**Information supplied**.

'''

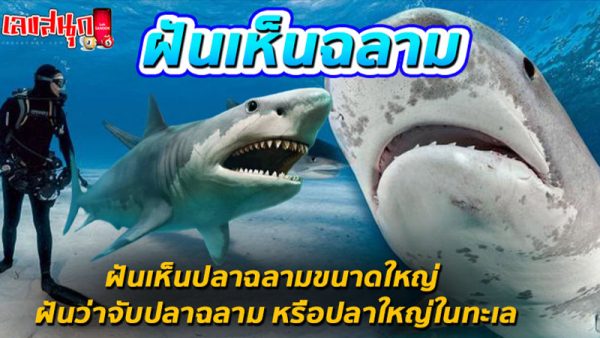 ฝันเห็นฉลาม-"Dream of seeing a shark"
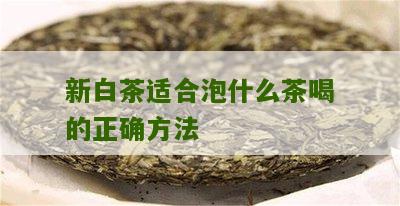 新白茶适合泡什么茶喝的正确方法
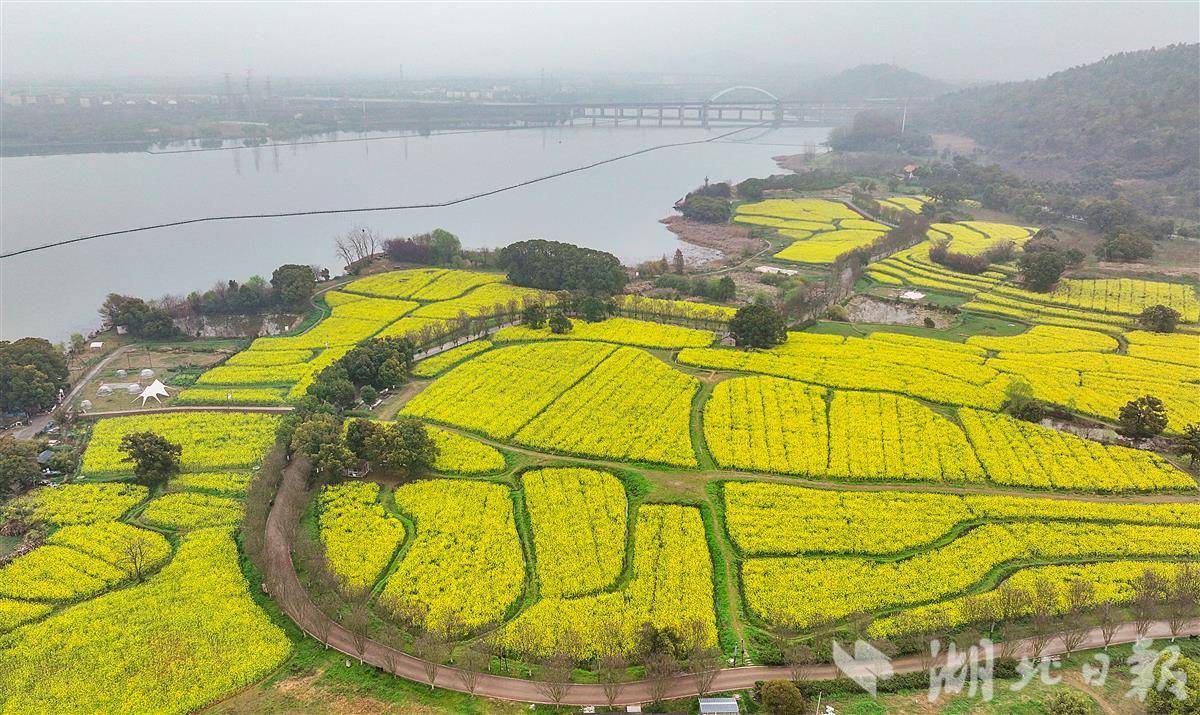 武汉东湖畔的油菜花海美景如画，还在犹豫什么快来打卡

'''

**Task instructions**.
Skipping any images, write out all the data exactly.

**Answer to this problem**.
 ฝันเห็นฉลาม-"Dream of seeing a shark"
 新白茶适合泡什么茶喝的正确方法
 武汉东湖畔的油菜花海美景如画，还在犹豫什么快来打卡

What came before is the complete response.